Source material:
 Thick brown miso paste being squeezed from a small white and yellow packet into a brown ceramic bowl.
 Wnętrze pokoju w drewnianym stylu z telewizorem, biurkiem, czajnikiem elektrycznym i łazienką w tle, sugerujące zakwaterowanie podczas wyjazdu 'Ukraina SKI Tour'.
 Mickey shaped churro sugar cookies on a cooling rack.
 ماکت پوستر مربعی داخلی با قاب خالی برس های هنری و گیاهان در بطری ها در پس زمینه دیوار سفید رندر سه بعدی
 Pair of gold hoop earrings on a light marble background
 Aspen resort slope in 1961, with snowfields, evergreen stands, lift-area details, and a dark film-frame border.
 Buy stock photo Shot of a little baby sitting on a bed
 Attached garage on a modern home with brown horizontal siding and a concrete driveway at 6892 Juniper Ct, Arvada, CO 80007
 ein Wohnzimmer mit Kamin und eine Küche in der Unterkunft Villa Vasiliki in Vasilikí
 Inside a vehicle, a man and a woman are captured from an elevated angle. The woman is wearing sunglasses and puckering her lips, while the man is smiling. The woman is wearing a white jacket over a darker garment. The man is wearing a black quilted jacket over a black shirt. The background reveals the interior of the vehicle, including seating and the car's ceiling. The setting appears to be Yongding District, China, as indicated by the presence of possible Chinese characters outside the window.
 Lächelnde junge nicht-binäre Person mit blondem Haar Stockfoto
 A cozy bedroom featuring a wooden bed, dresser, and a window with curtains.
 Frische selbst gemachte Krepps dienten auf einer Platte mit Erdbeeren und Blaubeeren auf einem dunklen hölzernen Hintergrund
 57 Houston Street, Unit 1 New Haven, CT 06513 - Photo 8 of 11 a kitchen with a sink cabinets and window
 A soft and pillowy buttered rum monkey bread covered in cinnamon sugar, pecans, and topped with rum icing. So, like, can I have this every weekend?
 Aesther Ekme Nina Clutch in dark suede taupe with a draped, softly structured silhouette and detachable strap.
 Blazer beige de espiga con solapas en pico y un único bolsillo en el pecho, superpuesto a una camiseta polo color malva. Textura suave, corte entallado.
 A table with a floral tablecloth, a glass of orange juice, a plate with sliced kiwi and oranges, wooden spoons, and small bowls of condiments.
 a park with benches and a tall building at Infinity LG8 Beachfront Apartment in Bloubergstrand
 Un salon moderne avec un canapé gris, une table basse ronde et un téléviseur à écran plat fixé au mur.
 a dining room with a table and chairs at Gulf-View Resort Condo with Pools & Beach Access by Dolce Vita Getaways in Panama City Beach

Exercise objective:
Starting at the line above that holds "Lächelnde junge nicht-binäre" and ending at the line that holds "Frische selbst gemachte", transcribe each line exactly and include no other lines.

Solution to this problem:
 Lächelnde junge nicht-binäre Person mit blondem Haar Stockfoto
 A cozy bedroom featuring a wooden bed, dresser, and a window with curtains.
 Frische selbst gemachte Krepps dienten auf einer Platte mit Erdbeeren und Blaubeeren auf einem dunklen hölzernen Hintergrund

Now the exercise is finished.